[<prev] [next>] [<thread-prev] [thread-next>] [day] [month] [year] [list]
Message-ID: <085c3477-3fff-7de6-cf0f-7fe33bae71cd@chinatelecom.cn>
Date: Mon, 20 Dec 2021 19:12:57 +0800
From: 孙守鑫 <sunshouxin@...natelecom.cn>
To: Jay Vosburgh <jay.vosburgh@...onical.com>
Cc: vfalico@...il.com, andy@...yhouse.net, davem@...emloft.net,
kuba@...nel.org, netdev@...r.kernel.org,
linux-kernel@...r.kernel.org, huyd12@...natelecom.cn
Subject: Re: [PATCH v3] net: bonding: Add support for IPV6 ns/na
在 2021/12/18 7:09, Jay Vosburgh 写道:
> For clarity, please add "to balance-alb mode" to the Subject.
Thanks your comment, I'll adjust it and send out V4 soon.
>
> Sun Shouxin <sunshouxin@...natelecom.cn> wrote:
>
>> Since ipv6 neighbor solicitation and advertisement messages
>> isn't handled gracefully in bonding6 driver, we can see packet
>> drop due to inconsistency bewteen mac address in the option
>> message and source MAC .
>>
>> Another examples is ipv6 neighbor solicitation and advertisement
>> messages from VM via tap attached to host brighe, the src mac
>> mighe be changed through balance-alb mode, but it is not synced
>> with Link-layer address in the option message.
>>
>> The patch implements bond6's tx handle for ipv6 neighbor
>> solicitation and advertisement messages.
>>
>> Border-Leaf
>> / \
>> / \
>> Tunnel1 Tunnel2
>> / \
>> / \
>> Leaf-1--Tunnel3--Leaf-2
>> \ /
>> \ /
>> \ /
>> \ /
>> NIC1 NIC2
>> \ /
>> server
>>
>> We can see in our lab the Border-Leaf receives occasionally
>> a NA packet which is assigned to NIC1 mac in ND/NS option
>> message, but actaully send out via NIC2 mac due to tx-alb,
>> as a result, it will cause inconsistency between MAC table
>> and ND Table in Border-Leaf, i.e, NIC1 = Tunnel2 in ND table
>> and NIC1 = Tunnel1 in mac table.
>>
>> And then, Border-Leaf starts to forward packet destinated
>> to the Server, it will only check the ND table entry in some
>> switch to encapsulate the destination MAC of the message as
>> NIC1 MAC, and then send it out from Tunnel2 by ND table.
>> Then, Leaf-2 receives the packet, it notices the destination
>> MAC of message is NIC1 MAC and should forword it to Tunne1
>> by Tunnel3.
>>
>> However, this traffic forward will be failure due to split
>> horizon of VxLAN tunnels.
> I believe I understand what problem you're trying to solve here,
> but the solution seems to be incomplete, as (from our prior discussion)
> a rebalance event for balance-alb will apparently induce the same
> problem.
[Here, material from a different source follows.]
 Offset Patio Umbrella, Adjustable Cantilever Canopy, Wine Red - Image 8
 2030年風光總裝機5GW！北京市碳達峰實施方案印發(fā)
Granted, those do not occur frequently (only when interfaces
> are added to the bond, or an interface link state changes), but have you
> tested what happens if NIC1 or NIC2 (or in a situation with more than
> two interfaces) undergoes a link state change?
The code in the bond_xmit_alb_slave_get should act for ns/na in the
rebalance.
what's more, with NIC1/NIC2 link state change, I don't observe abnormal
scene.
>
>> Suggested-by: Hu Yadi <huyd12@...natelecom.cn>
>> Reviewed-by: Jay Vosburgh<jay.vosburgh@...onical.com>
> I did not include this signoff tag in my prior message. Please
> do not include such tags unless explicitly provided by the relevant
> person. Discussion on the mailing list is not equivalent to providing
> the tag; please review Documentation/process/submitting-patches.rst.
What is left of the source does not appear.